Member of the Andhra Pradesh Legislative Assembly
- Incumbent
- Assumed office 2024
- Preceded by: Dadisetti Ramalingeswara Rao
- Constituency: Tuni

Personal details
- Born: 1984 (age 41–42)
- Party: Telugu Desam Party

= Yanamala Divya =

Indian politician (born 1984)

Yanamala Divya (born 1984) is an Indian politician from Andhra Pradesh. She is a first-time member of the Andhra Pradesh Legislative Assembly from the Tuni Assembly constituency in East Godavari district. She represents the Telugu Desam Party and was elected in her debut election in the 2024 Andhra Pradesh Legislative Assembly election.

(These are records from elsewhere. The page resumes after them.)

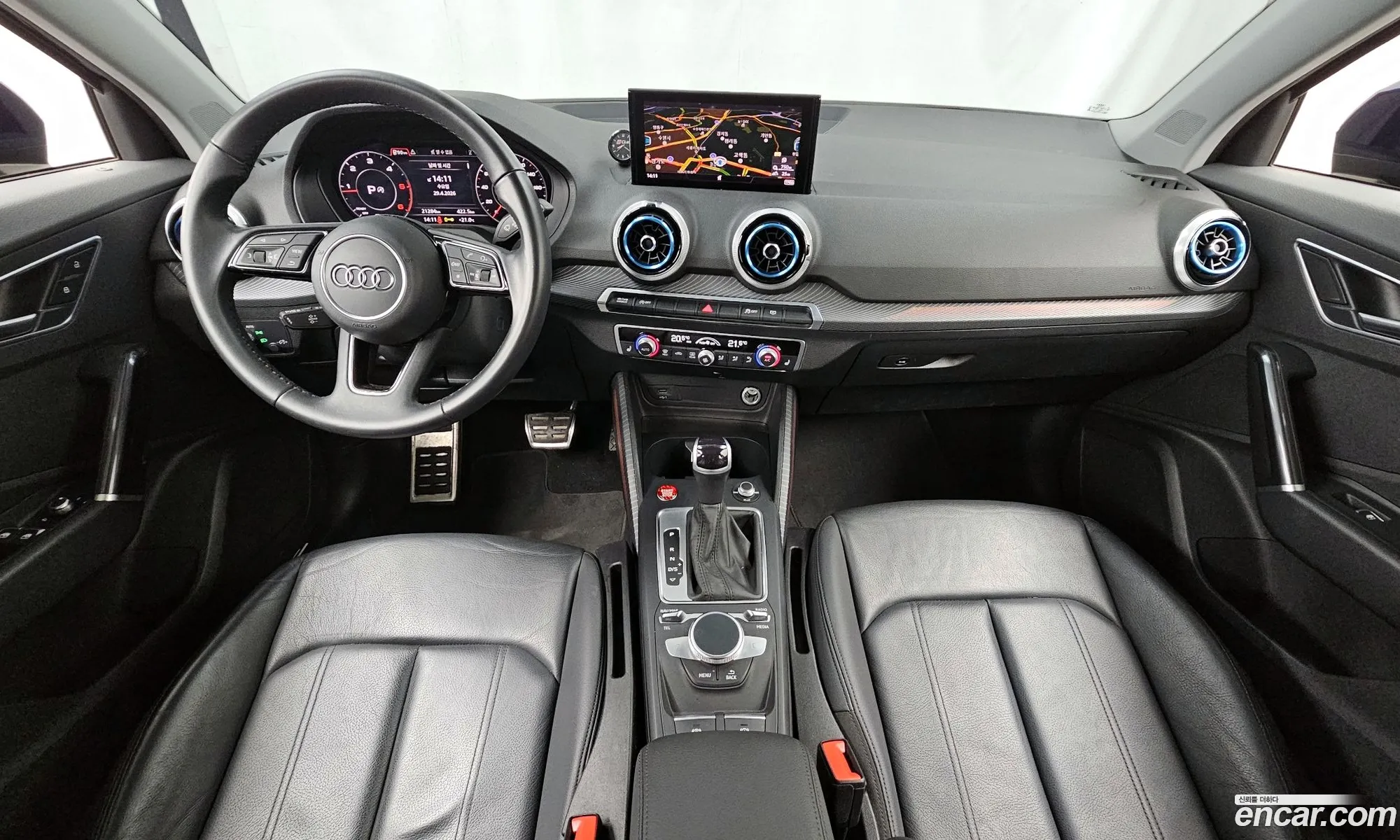 Audi Q2 2023 — 8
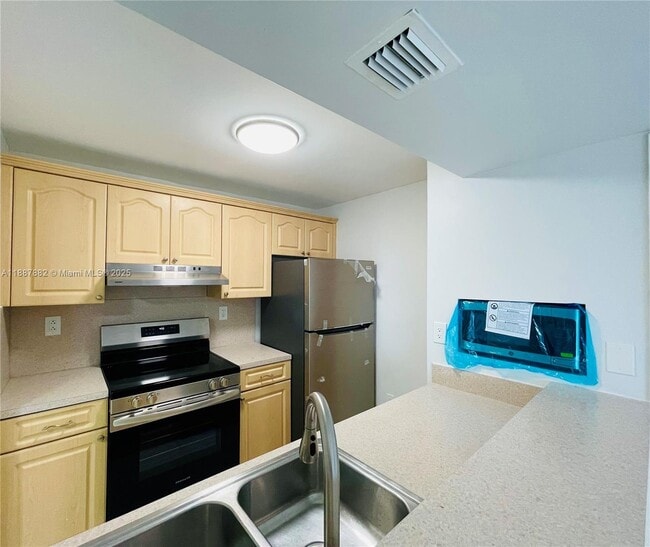Photo - 7125 NW 186th St Unit B408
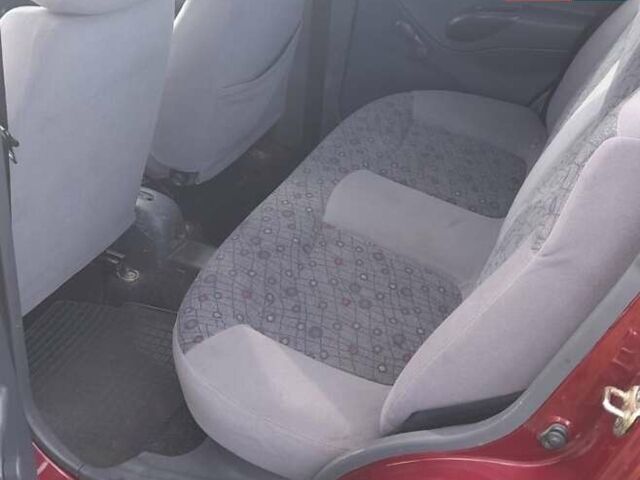Червоний Деу Матіз, об'ємом двигуна 0.8 л та пробігом 180 тис. км за 2000 $, фото 4 на Automoto.ua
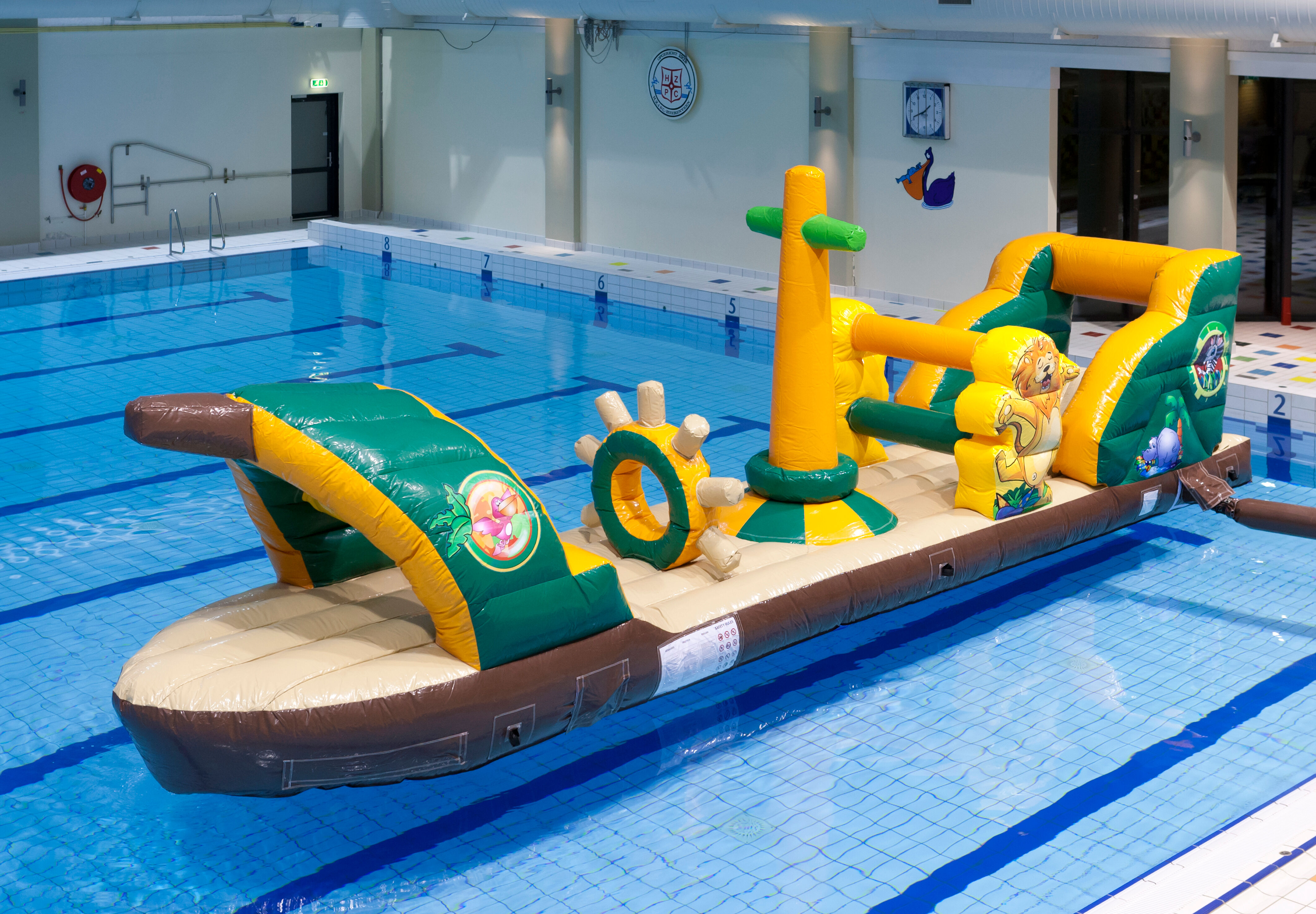Spectaculaire opblaasbare schip in thema safari bestellen voor zowel jong als oud. Kopen opblaasbare zwembadspelen nu online bij JB Inflatables Nederland 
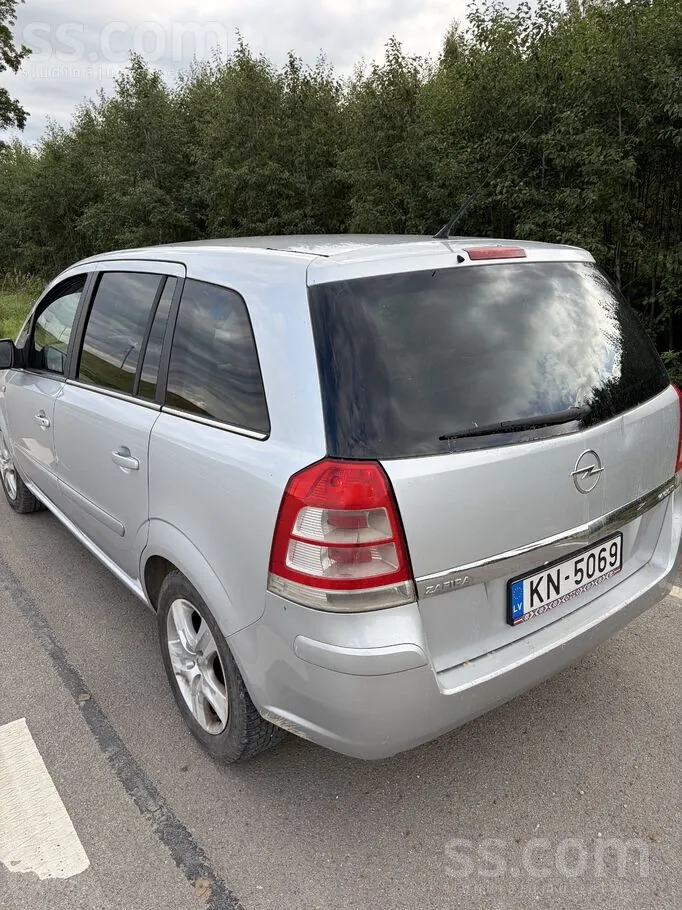 Opel Zafira 2009 photo 4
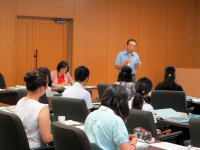 福島県立医科大学の講義中の様子。講師が前で話し、学生たちが聴講している。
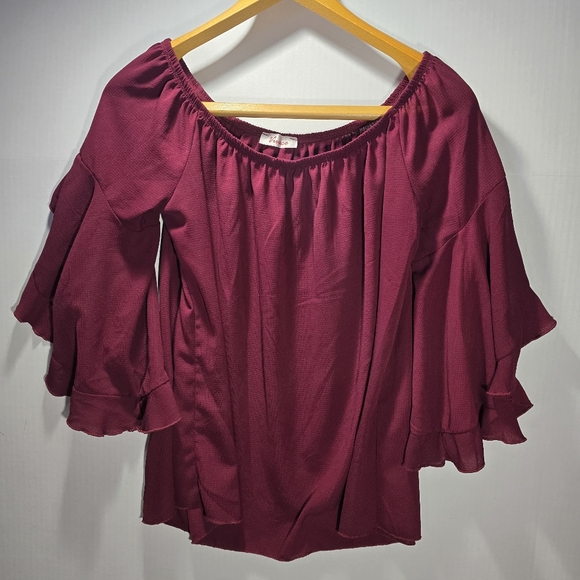 Vince Tops - Vince Burgandy 3/4 Sleeve Tiered Bubble size Large BOHO chic Whimsical Flowing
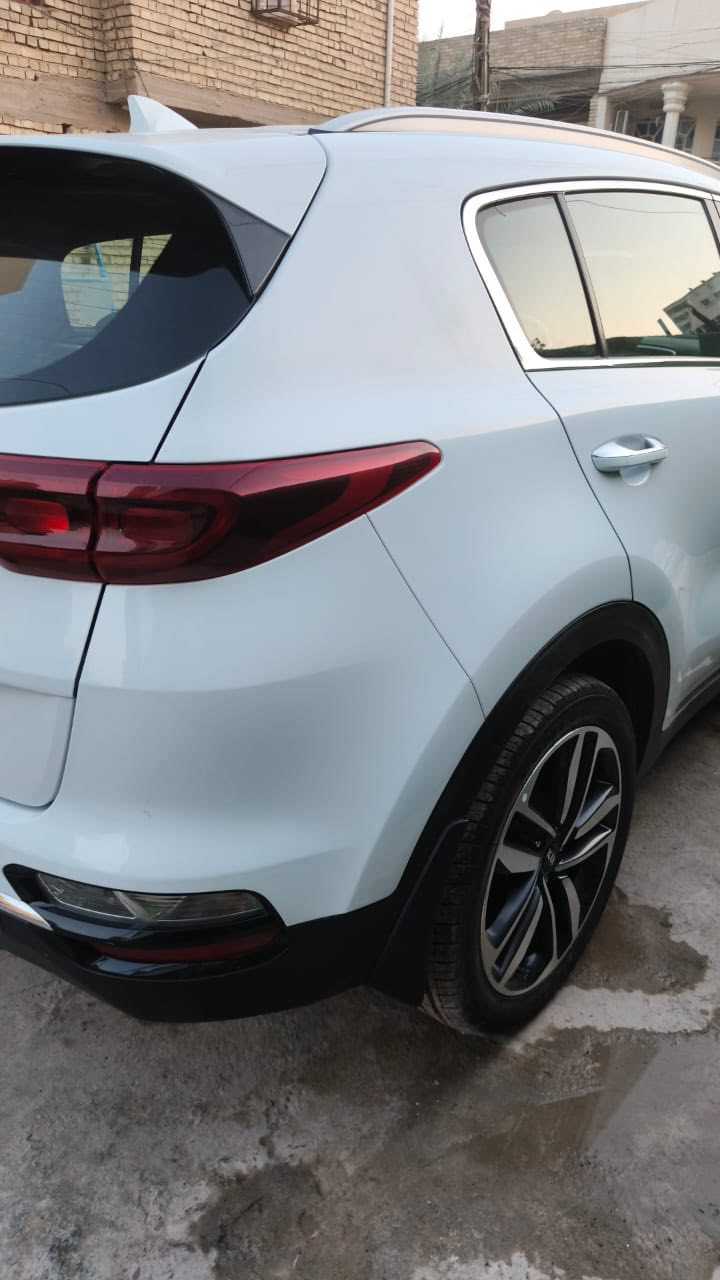 سلام عليكم سبورتج خليجي ٢٠٢١ مكفوله مواصفات كلاسك 
الاستفسار ***********
عنوان بغداد
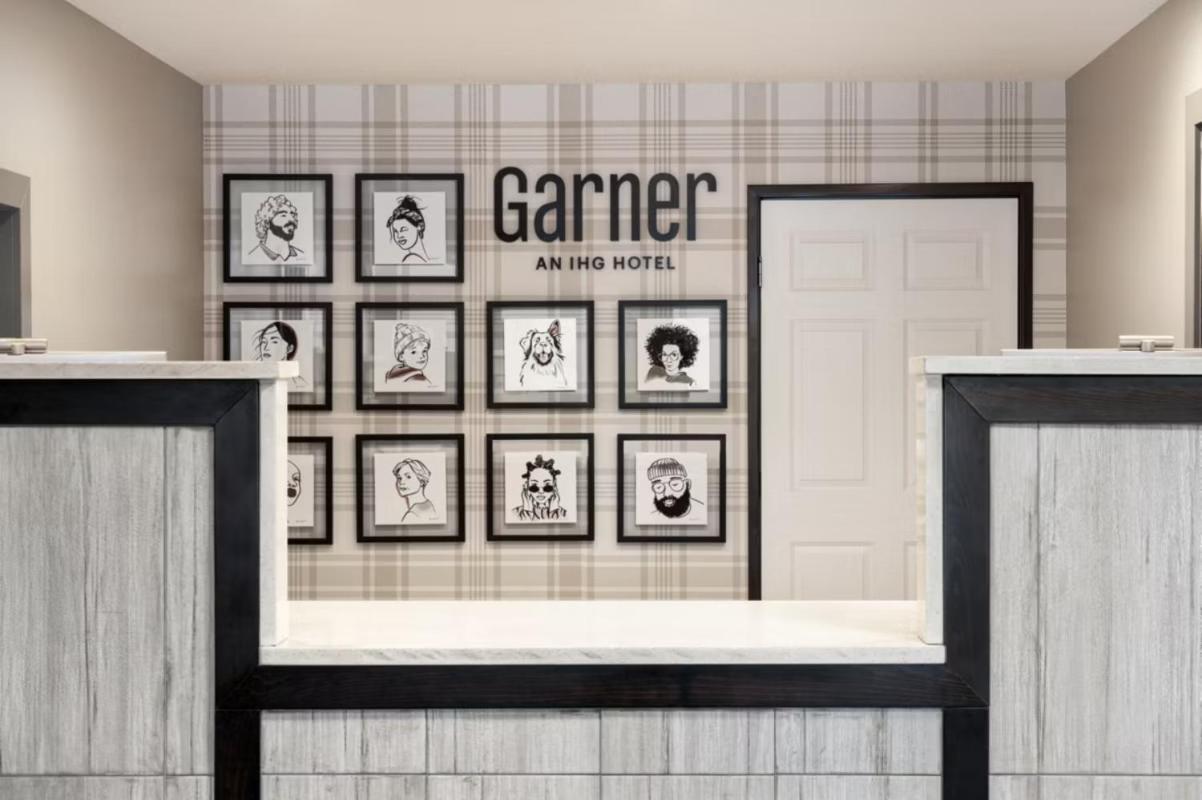 Garner Salt Airport By Ihg 2*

== Early life and education ==
Divya was born in Tuni and is a housewife. Her husband is in Indian Revenue Service. She completed her MBA from Osmania University in 2012. Earlier, she earned her engineering degree in Electronics and Communication, also from Osmania University, in 2006. She is the daughter of former Andhra Pradesh finance minister and former six time MLA from Tuni, Yanamala Rama Krishnudu. She has no criminal cases registered against her and she declared assets worth Rs.9.4 crore in the affidavit submitted to the Election Commission of India before the 2024 polls. Her paternal uncle, Yanamala Krishnudu, who lost the MLA election twice on TDP ticket, quit the party after 40 years as he was denied an MLC ticket.

== Political career ==
Following in the footsteps of her father, Divya entered politics and in 2023, she was appointed the district incharge. She was nominated for and won the 2024 Andhra Pradesh Legislative Assembly election from Tuni Assembly constituency representing Telugu Desam Party. She polled 97,206 votes and defeated her nearest rival, Dadisetti Raja of YSR Congress Party by a margin of 15,177 votes. She was appointed whip in Assembly on 12 November 2024.